Os homens têm um comportamento diferente a comprar. Compram sapatos para os usarem o mais tempo possível, limpam-nos, engraxam-nos com amor, consideram os sapatos um investimento. As mulheres não se preocupam com essas coisas. As mulheres definem a sua linguagem corporal através dos sapatos. Para os homens, os sapatos são meros acessórios. As mulheres a provarem sapatos jogam sempre com a aura sexual.

O que é que faz os saltos altos algo tão sexy?

O sapato em si é um fetiche erótico, mas uma mulher não tem de ser fetichista para gostar de saltos altos. O salto alto modela o corpo, desloca para a frente o centro de gravidade, o que faz com que o rabiosque fique espetado, ao esticar a coluna vertebral, o que, por sua vez, se reflecte a nível do peito. Os saltos transformam um corpo direito numa curva em S. Basta entrar numa sapataria e observar uma mulher a experimentar sapatos. Vai para a frente do espelho, e o seu primeiro olhar é para o corpo, para o rabo e para o peito, só depois para os sapatos.

Isso não explica porque é necessário possuir centenas deles.

As mulheres têm uma linguagem própria. Lembra-se daquele filme, “O Piano”, de Jane Campion? Um grande filme, certo? Mas, apesar disso, eu enquanto homem não consegui entender porque é que comovia tanto as mulheres.

Será que um homem pode mesmo entender uma mulher?

Só se viver com ela. Quando eu ainda atendia ao balcão na loja de Paris, as mulheres chegavam e diziam: “Eu sou a Imelda Marcos de Berlim”, “Eu sou a Imelda Marcos da Costa Oeste”, e assim por diante. O que me levava a pensar: “Porquê a Imelda Marcos?” É verdade que ela tinha mil pares de sapatos, mas era a mulher de um ditador. Fui então procurar artigos sobre ela em jornais e revistas. Em todos eles, ela era descrita como uma mulher desprezível, mas eram sempre escritos por homens. Portanto… Está a ver?

Não.

Era uma vítima fácil para os homens: eles desacreditavam a obsessão de uma mulher. Era um país pobre, um ditador, e depois havia aquela mulher que não tinha nada melhor para fazer do que coleccionar pilhas de sapatos. Parece que as mulheres são capazes de separar essas duas realidades. Elas só vêem uma mulher que é obcecada por sapatos, caso contrário não teria havido tantas Imeldas na minha loja. Os homens nunca vão entender isso inteiramente.

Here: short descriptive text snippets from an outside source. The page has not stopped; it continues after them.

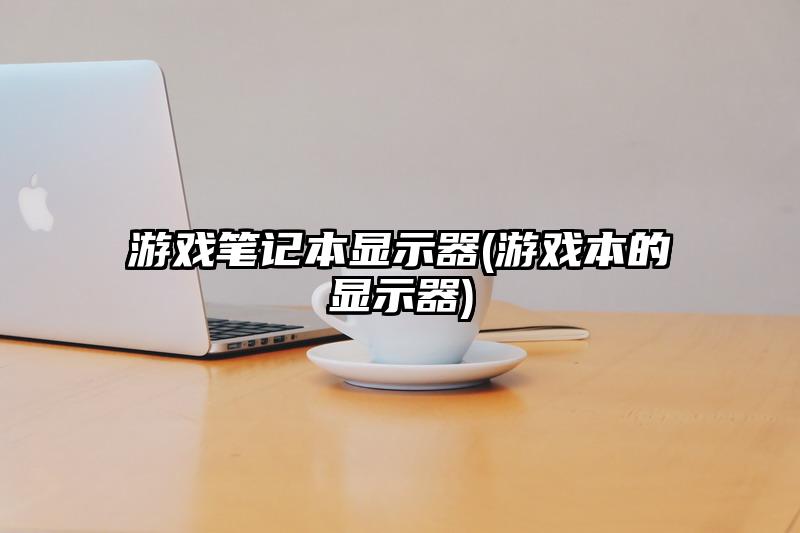 游戏笔记本显示器(游戏本的显示器)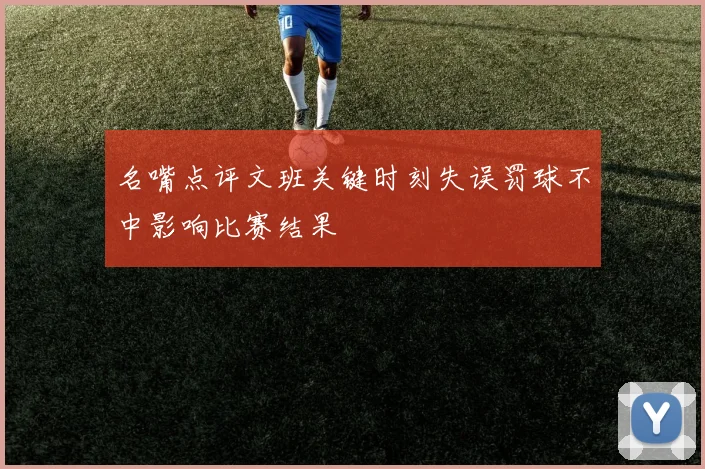 名嘴点评文班关键时刻失误罚球不中影响比赛结果
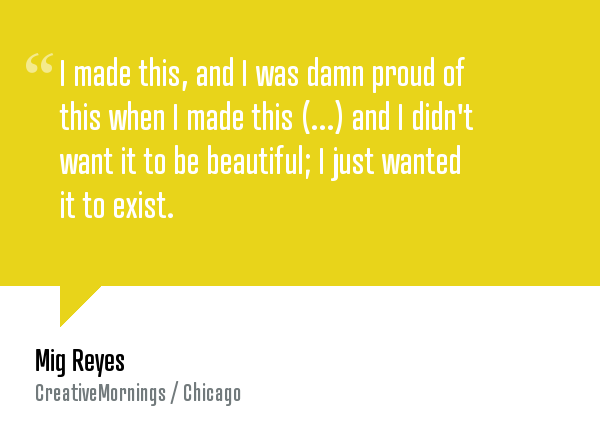 creativemorning's tweet photo. “I made this, and I was damn proud when I made this — I didn’t want it to be beautiful, I just wanted it to exist.” http://t.co/5chu0qABaC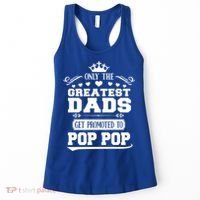 Awesome Only The Greatest Dads Get Promoted To Pop Pop Gift Women's Tank Top thumb 0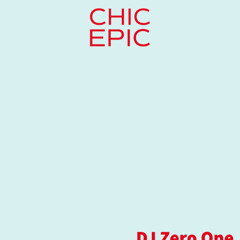 Chic Epic Reference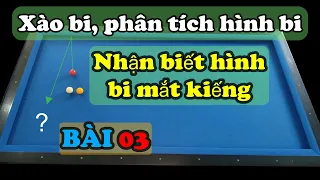 Xào bida | Phân tích hình bi, xử lý bi | Hướng dẫn xào bi.(Bài 03)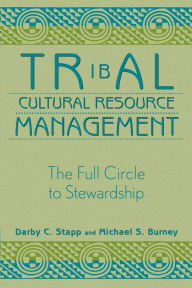 Title: Tribal Cultural Resource Management: The Full Circle to Stewardship, Author: Darby C. Stapp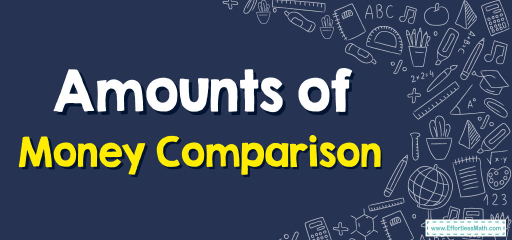 Amounts of Money Comparison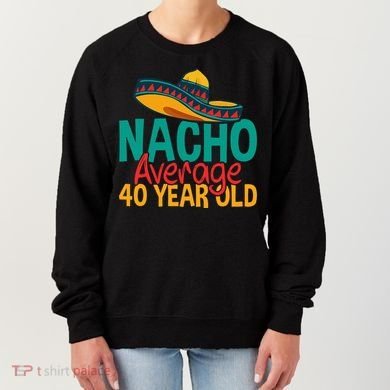 40th Birthday Nacho Average Women's Sweatshirt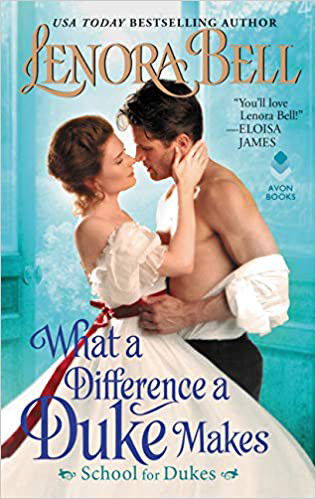 What a Difference a Duke Makes: School for Dukes - School for Dukes - Lenora Bell - Livres - HarperCollins - 9780062692481 - 27 mars 2018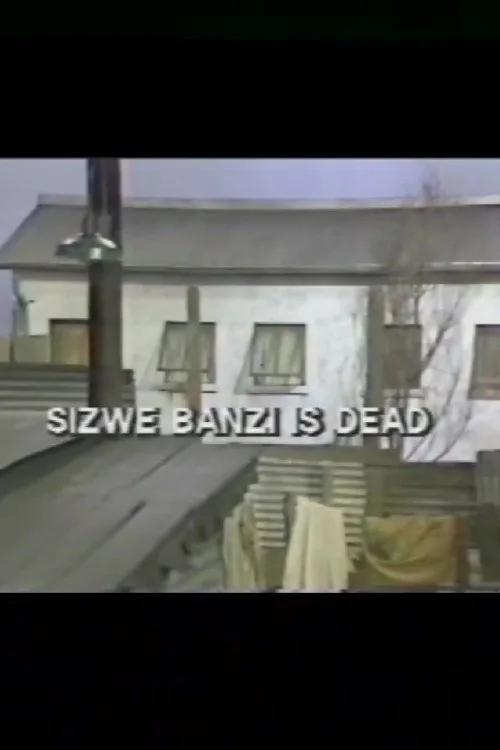 Sizwe Bansi Is Dead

Mas o mais interessante é que quase todos os designers de sapatos importantes são homens: Roger Vivier, Manolo Blahnik, Pierre Hardy…

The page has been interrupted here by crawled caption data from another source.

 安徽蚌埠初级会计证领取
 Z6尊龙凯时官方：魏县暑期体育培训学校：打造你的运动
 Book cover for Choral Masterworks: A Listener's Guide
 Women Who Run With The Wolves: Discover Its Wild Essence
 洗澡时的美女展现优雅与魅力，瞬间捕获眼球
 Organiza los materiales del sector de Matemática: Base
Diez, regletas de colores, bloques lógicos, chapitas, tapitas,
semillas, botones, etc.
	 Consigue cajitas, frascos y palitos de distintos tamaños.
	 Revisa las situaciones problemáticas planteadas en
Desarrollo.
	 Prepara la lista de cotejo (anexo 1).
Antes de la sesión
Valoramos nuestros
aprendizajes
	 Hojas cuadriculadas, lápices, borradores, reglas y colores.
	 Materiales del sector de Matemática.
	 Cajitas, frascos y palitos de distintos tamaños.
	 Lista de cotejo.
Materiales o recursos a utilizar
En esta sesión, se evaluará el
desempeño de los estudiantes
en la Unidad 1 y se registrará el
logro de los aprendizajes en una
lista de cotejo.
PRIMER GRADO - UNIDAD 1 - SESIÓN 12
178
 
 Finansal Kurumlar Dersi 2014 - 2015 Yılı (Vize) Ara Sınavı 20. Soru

Isso tem algo a ver com outra coisa que descobri no mundo da moda: os homens, ao desenharem para as mulheres, pensam muito mais em abstracto do que as mulheres a desenharem para as mulheres. Os homens não são tão preconceituosos como as mulheres, que pensam constantemente: “Como será vestir isto? Como será a sensação sobre a pele? Será confortável?” Os homens não perdem tempo dessa forma e, por isso, conseguem mergulhar no seu mundo de fantasia estética. Talvez seja uma vantagem.

O salto alto foi sempre uma questão política no mundo real.

Nunca entendi porque é que os saltos altos e a feminilidade tiveram sempre uma conotação tão negativa e porque é que as mulheres foram consideradas estúpidas e ingénuas sempre que viveram a sua feminilidade. Para ser honesto, estou muito feliz por isso já não ser assim. Vi essa discussão estender-se por muitos anos: no início da década de 90, as mulheres de salto alto eram consideradas brinquedos, umas vezes castradas e outras poderosas. Felizmente que entretanto isso acabou. Tudo se tornou um pouco mais lúdico e menos dogmático. Hoje em dia ninguém usa salto alto para pertencer a um grupo, mas apenas porque o deseja a nível individual.

Muitas feministas ainda consideram que os saltos altos são sexistas, porque degradam a mulher e fazem dela um objecto sexual.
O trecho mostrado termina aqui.